As chrisk notes, you would require greater than ambient pressure to see carbon in liquid state in an oxygen-nitrogen atmosphere. (In a vacuum or an inert, noble gas atmosphere you could probably turn it liquid at 1 bar of pressure, but carbon is otherwise very reactive.) Since diamond isn’t a common engineering material, I can’t verify the temperatures ~1000K sounds about right for sublimation or burning of diamond. (Kelvins = degrees Celsius + 273.15)
Producing diamonds artificially requires very intense pressures, on the order of hundreds of bars of pressure, and temperatures between 3000-5000K. So it’s correct, if incomplete, to say that diamond “melts” (i.e. becomes liquid) at 3550K and some corresponding pressure on the PV table. The big trick of manufacturing artificial diamonds–aside from generating the requisite temperatures and pressures–is preventing it from undergoing transform to a different and more stable allotropic state like graphite or amorphous form carbon while it cools back to ambient pressure. There are forms that have even more remarkable mechanical and thermal properties than diamond (carbon nanotubes, fullerite C60, aggregated nanorods) but they aren’t found in quantity in nature.
I thought Kimberlite was a great source of diamonds because during the Kimberlite formation, diamonds (and other geologic goodies) came out of the melt–implying that carbon was mixed in the magma in a liquid form.
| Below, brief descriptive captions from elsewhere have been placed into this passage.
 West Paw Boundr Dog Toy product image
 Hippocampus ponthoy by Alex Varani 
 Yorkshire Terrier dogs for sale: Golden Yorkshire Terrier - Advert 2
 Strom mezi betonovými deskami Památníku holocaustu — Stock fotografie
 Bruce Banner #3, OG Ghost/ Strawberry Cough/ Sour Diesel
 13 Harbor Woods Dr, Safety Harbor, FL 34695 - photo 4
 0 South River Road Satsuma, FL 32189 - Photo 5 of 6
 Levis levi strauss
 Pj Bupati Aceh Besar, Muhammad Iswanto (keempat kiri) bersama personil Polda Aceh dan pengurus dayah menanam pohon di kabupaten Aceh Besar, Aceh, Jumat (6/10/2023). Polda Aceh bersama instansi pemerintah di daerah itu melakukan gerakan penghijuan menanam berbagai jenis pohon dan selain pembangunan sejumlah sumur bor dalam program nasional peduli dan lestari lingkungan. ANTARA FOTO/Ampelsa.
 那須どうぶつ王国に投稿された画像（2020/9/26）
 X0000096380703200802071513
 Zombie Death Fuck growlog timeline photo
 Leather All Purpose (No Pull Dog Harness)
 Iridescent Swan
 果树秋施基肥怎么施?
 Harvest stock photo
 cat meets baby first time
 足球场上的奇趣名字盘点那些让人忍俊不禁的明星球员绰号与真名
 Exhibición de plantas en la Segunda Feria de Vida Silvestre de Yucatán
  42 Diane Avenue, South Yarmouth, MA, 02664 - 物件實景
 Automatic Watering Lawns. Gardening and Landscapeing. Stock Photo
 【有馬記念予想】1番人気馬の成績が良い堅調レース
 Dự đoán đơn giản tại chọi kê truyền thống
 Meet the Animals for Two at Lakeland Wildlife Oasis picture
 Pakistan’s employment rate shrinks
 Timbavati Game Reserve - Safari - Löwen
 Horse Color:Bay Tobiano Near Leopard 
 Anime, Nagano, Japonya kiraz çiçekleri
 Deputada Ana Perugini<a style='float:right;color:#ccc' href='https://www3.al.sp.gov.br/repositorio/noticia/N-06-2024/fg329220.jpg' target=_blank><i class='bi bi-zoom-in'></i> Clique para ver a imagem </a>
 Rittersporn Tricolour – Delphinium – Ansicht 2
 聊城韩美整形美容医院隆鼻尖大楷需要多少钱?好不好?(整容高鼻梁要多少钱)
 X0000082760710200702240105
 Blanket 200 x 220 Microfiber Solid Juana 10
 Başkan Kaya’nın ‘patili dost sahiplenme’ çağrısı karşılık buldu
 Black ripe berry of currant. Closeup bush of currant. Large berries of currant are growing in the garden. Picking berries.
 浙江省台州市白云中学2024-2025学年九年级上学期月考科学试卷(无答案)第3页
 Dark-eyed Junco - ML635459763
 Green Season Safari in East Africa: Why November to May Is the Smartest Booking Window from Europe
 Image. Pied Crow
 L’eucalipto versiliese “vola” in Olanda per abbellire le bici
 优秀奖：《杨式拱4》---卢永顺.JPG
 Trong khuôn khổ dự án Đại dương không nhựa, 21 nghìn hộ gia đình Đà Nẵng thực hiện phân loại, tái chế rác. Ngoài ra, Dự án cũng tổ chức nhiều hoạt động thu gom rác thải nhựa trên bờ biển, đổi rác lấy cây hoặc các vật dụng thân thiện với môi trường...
Any geologists want to correct my way-out-of-date memory?
Nope - diamonds are xenocrysts - deep crust material carried up by the kimberlite from the diamond forming zone. I think that the reason kimberlite is a good source of diamonds is more to do with the eruption speed and temperature - too long in the hot stuff and the sparkler is a whiff of CO2 (although there may not be too much free O2 in kimberlite - it looks pretty reducing).